We also analyzed EPTC exposure by tertiles of intensity-weighted lifetime exposure days. The increased risk associated with EPTC lifetime exposure days and colon cancer remained constant when we used the intensity-weighted lifetime exposure days metric (, right panel). The associated risks for all cancer and leukemia were slightly attenuated using the intensity-weighted lifetime days exposure scale. When comparing the highest tertile of EPTC exposure with those with no exposure, we found increased risks for all cancer (RR = 1.16; 95% CI, 1.01–1.35), colon cancer (RR = 2.05; 95% CI, 1.34–3.14), and leukemia (RR = 1.87; 95% CI, 0.97–3.59). When the lowest tertile of exposure was used as the referent group, the risk associated with cancer incidence and EPTC intensity-weighted exposure days remained elevated at the highest tertile of EPTC exposure for all cancer (RR = 1.19; 95% CI, 0.95–1.49), colon cancer (RR = 2.59; 95% CI, 1.13–5.97), and leukemia (RR = 3.93; 95% CI, 0.87–17.67).
We also divided the upper tertile of exposure at its median to expand examination of the association between high EPTC exposure and cancer incidence for those cancer sites that had five or more cases within each of the upper two exposure levels. An increase in risk associated with the highest level of EPTC lifetime exposure days (≥ 110) was observed when the no-exposure group was used as the referent for all cancer (RR = 1.30; 95% CI, 1.03–1.63) and colon cancer (RR = 3.55; 95% CI, 1.97–6.42). The linear trend tests for all cancer (p-trend = 0.01) and colon cancer (p-trend = < 0.01) were also statistically significant.

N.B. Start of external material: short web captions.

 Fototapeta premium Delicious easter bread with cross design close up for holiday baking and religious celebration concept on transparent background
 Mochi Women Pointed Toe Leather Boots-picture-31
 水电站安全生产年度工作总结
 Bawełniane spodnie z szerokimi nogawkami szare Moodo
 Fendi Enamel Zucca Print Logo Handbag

When the low-exposure group was used as the referent, only colon cancer remained significantly elevated (RR = 4.70; 95% CI, 2.03–10.87, p-trend = < 0.01). An increase in risk associated with the highest level of EPTC intensity-weighted lifetime exposure days (≥ 333) was observed for colon cancer when the no-exposure (RR = 2.21; 95% CI, 1.27–3.86, p-trend = < 0.01) and low-exposure (RR = 2.80; 95% CI, 1.13–6.94, p-trend = 0.02) referent groups were used. The risk estimate for all cancer associated with the highest level of EPTC exposure remained elevated using either the no-exposure referent (RR = 1.14; 95% CI, 0.93–1.38, p-trend = 0.11) or the low-exposure referent (RR = 1.15; 95% CI, 0.89–1.50, p-trend = 0.54). However, the CI for the low-exposure referent includes the null, and the linear trend is no longer significant.

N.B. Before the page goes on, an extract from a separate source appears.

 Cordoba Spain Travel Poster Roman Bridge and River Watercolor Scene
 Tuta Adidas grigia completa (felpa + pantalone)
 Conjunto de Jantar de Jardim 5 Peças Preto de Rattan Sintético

We performed stratified analysis of risk for all cancer by state of residence (Iowa vs. North Carolina). No difference was observed in all cancer risk when comparing the highest tertile of EPTC exposure using either lifetime exposure days or the intensity-weighted lifetime exposure days when stratifying by state of residence. When we included all participants with missing information in the referent group, there was no change in the observed risk estimates for all cancers, colon cancer, and leukemia.

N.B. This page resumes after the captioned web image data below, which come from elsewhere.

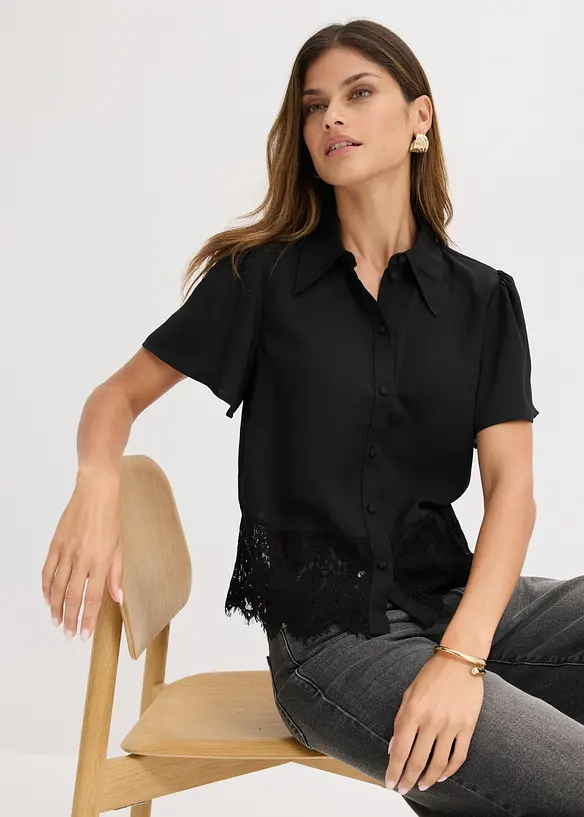 Blus med spets, bonprix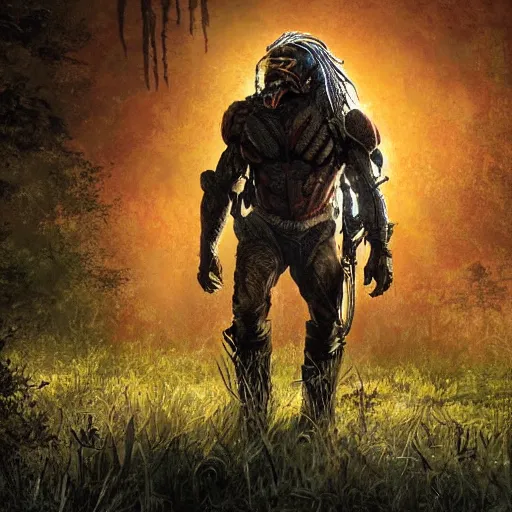 Prompt: the predator hunting a cowboy in the Louisiana bayou at night, video game concept art, highly detailed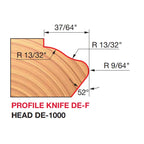 DE-F One Piece Door Edge Profile Cutters - Professional Cutter for Industrial Woodworking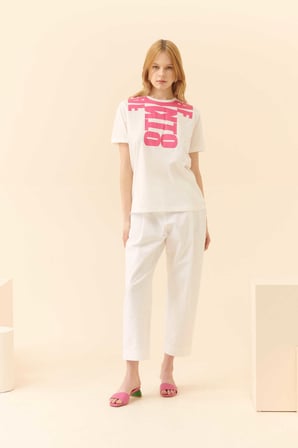 O Yaka T-Shirt   Beyaz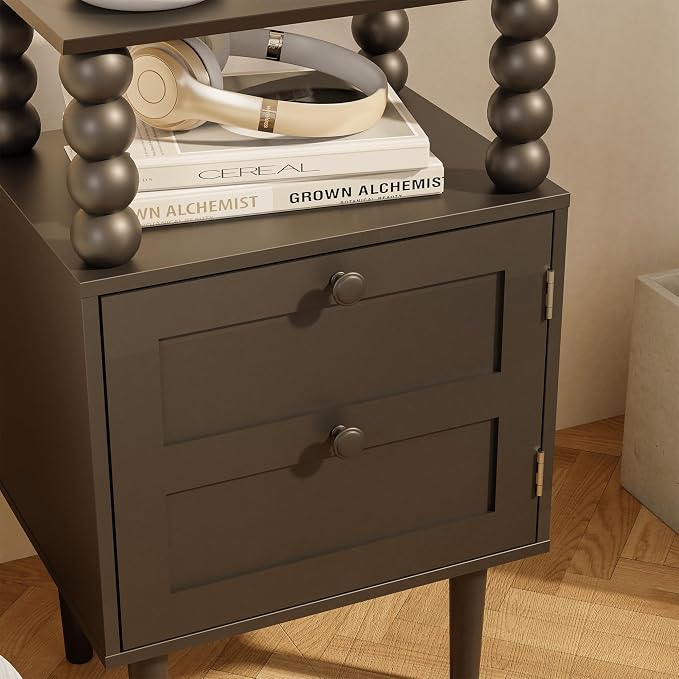 Nightstand with Storage Drawer and Open Wood Shelf,Solid Wood Legs (Black) | Mid-Century Modern Bedside Table for Bedroom and Small Spaces,Easy Assembly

Finally, we modeled cancer risk with pesticides previously reported to be associated with colon cancer risk and those found to be most correlated with EPTC use within the AHS cohort. When the five most highly correlated pesticides were added to the lifetime exposure days model as covariates (butylate, trifluralin, imazethapyr, metribuzin, and dicamba), no significant change was observed in our cancer risk estimates for all cancer, colon cancer, and leukemia. Other work from the AHS reported an increased risk of colon cancer associated with increasing exposure to aldicarb (Lee et al. 2007
) and dicamba (Samanic et al. 2006
). To determine that our observed risk estimates were not related to these pesticide exposures, we modeled colon cancer risk including both as covariates in our lifetime exposure days model. Similarly, our risk estimate was not markedly changed for colon cancer.